A NOWERGUP limestone company has been fined more than $60,000 for having a hazardous workplace after a young employee became entangled in a block making machine last year, leading to the loss of his leg and serious internal injuries.
Limestone Building Blocks Company Pty Ltd faced Joondalup Magistrates Court for sentencing on Friday afternoon in relation to the trauma suffered by labourer Dane Smith on January 25, 2017.
The hearing followed the company’s guilty plea at its first hearing two weeks ago to a charge of failing “to provide and maintain a working environment at a mine where employees are not exposed to hazards”.

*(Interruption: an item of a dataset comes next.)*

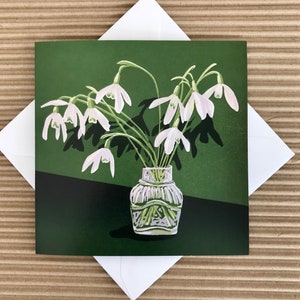 Snowdrops spring flowers greetings card, blank card, any occasion card, notecard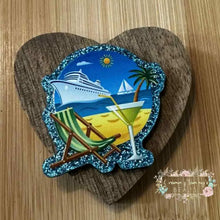 Load image into Gallery viewer, Cruising - Turquoise Glitter Flatback Glitter Flatback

Mr Smith was attempting to remove limestone residue from inside the machine when he activated the automatic building process.
The machine completed one building cycle with him trapped inside it before an employee rushed to save him. Mr Smith’s injuries included an amputated leg, fractures to his spine and pelvis and ruptures to his liver and kidneys.
Magistrate Deen Potter fined the company $65,000, reduced from $140,000 because its early guilty plea saved Mr Smith “the trauma and emotional rollercoaster” of a lengthy court process.
Speaking outside court, company lawyer Tim Houweling said the penalty was “significant” and would have a “serious impact on a family-owned company”.
“The family-owned company offers the highest standard of safety to its employees but sometimes, regrettably, there’s incidents that occur where an employee acts outside the scope of their immediate authority,” he said,
“It’s sad there were events that had catastrophic injuries and consequences as a result. We’re glad that it’s all over and looking forward to getting on with business.”
He said the company understood Mr Smith was recovering and there would be an opportunity for him to continue working for the business.
Mr Houweling argued in court that while the company admitted to a breach of safety, Mr Smith had acted against instructions not to go in the machine.
Mr Smith had been an employee for 18 months.
“He had just been put on full time so he was looking to impress and he just stepped over the line,” he said.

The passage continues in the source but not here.